The former is essentially what would happen. But, ChatGPT isn’t “disregarding” the first Zap’s assistant instruction. Zapier just isn’t storing that information for use by the second Zap, so the first Zap’s assistant instruction doesn’t get sent to ChatGPT when the second Zap runs.

I hope that helps clear things up!

Thank you @hoon for providing these insightful answers to the questions already raised in this thread. We actually have a few follow-up questions related to the “assistant instructions” feature, too. It would be amazing if you could answer them as well: Our team played around with this feature a bit today in a Zap using ChatGPT3.5 turbo. We added assistant instructions about 2,400 tokens long. Then we tried user messages with different lengths (one lengthy message of about 3,000 tokens and a rather short one with about 100 tokens). To our surprise, it did not crash when it had to answer the long one even though it exceeded ChatGPT3.5’s threshold of 4k tokens. Instead, it gave a decent answer, which relied heavily on the content of the assistant instruction. I cannot fully rule out that this is due to sheer conincidence an guessworking, but we consider this highly unlikely as the assistant instruction contains information about our company that could not be found on the web.

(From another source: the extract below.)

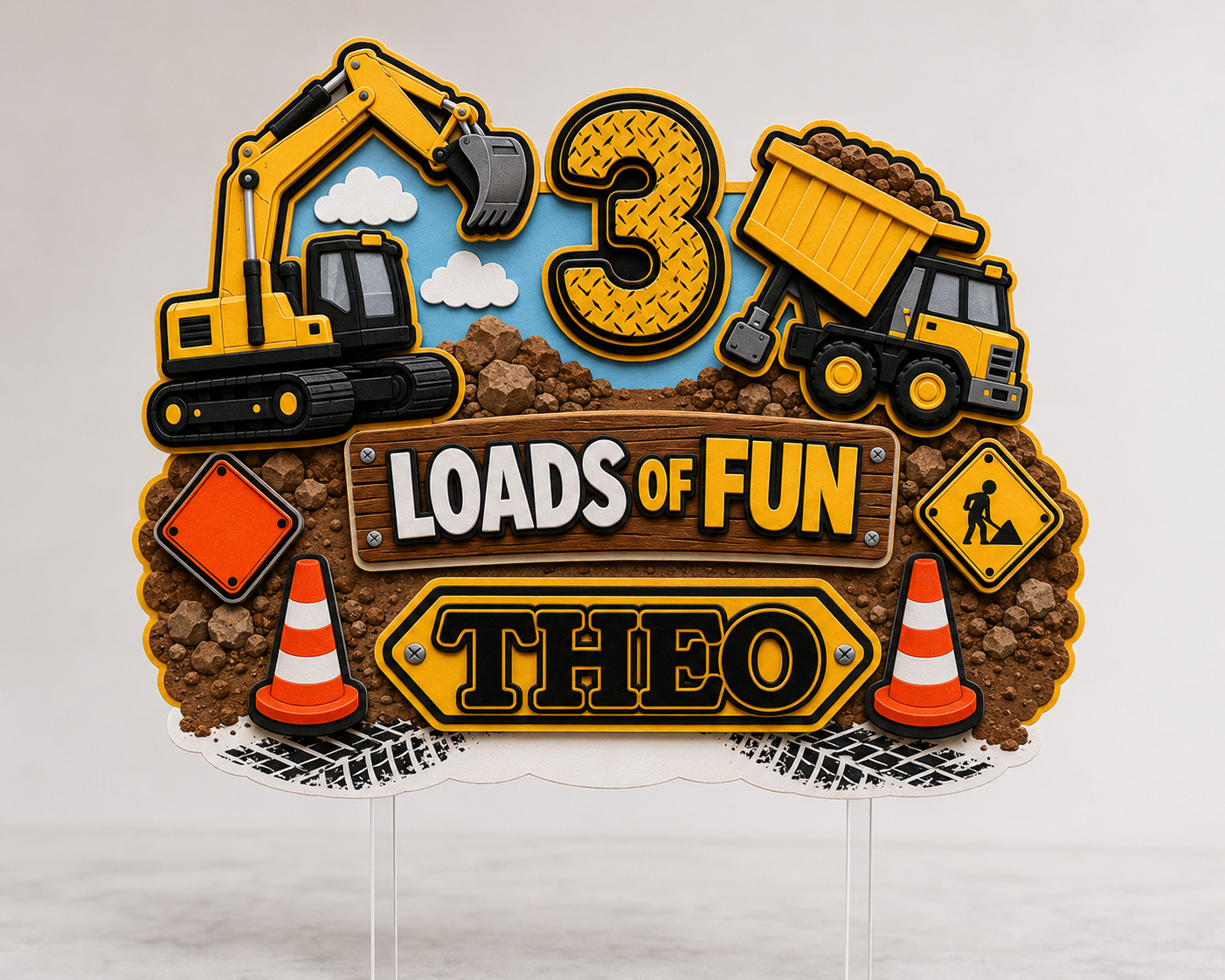 Personalised Construction Cake Topper 3rd Birthday | Digger & Dump Truck Birthday | 3 Loads of Fun | 3D Layered or Flat Printed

To find an explanation for why it did not crash, we looked at the user statistics in our Open AI account. According to the data there, it managed to work with more than 4k tokens by using 2 instead of 1 request (see the screenshot depicting the aforementioned two test runs at 16:50 and 17:20 attached). 

Against this background, we are wondering about the following:

  1. Do we have any idea how Zapier breaks the user messsage and the assistant instructions apart when it submits more than one request to ChatGPT (like it did in our case at 16:50 with the assistant instructions and the user message adding up to 5,747 tokens)? 
  2. Are there parts of the assistant instructions or the user message in those cases that are not taken into account when ChatGPT formulates its answers? For instance, the content of the first of the two requests?
  3. If not, to what extent could this practice be extended further without risking that ChatGPT no longer takes into consideration the content of additional requests? 

We would highly appreciate an answer to this.

Amazing, thank you so much!

Userlevel 1

@hoon  When I’m using ChatGPT just by myself, I can continue a conversation up until I hit the maximum context length (around 8000 tokens).

If I’m using a Zap with a memory key, is it possible for me to hit a limit like this? And if I do, what happens?

@hoon  When I’m using ChatGPT just by myself, I can continue a conversation up until I hit the maximum context length (around 8000 tokens).

If I’m using a Zap with a memory key, is it possible for me to hit a limit like this? And if I do, what happens?

@brilliantops - In order to avoid errors, the integration will drop the oldest message(s) that are stored under that memory key value to stay under the token limit.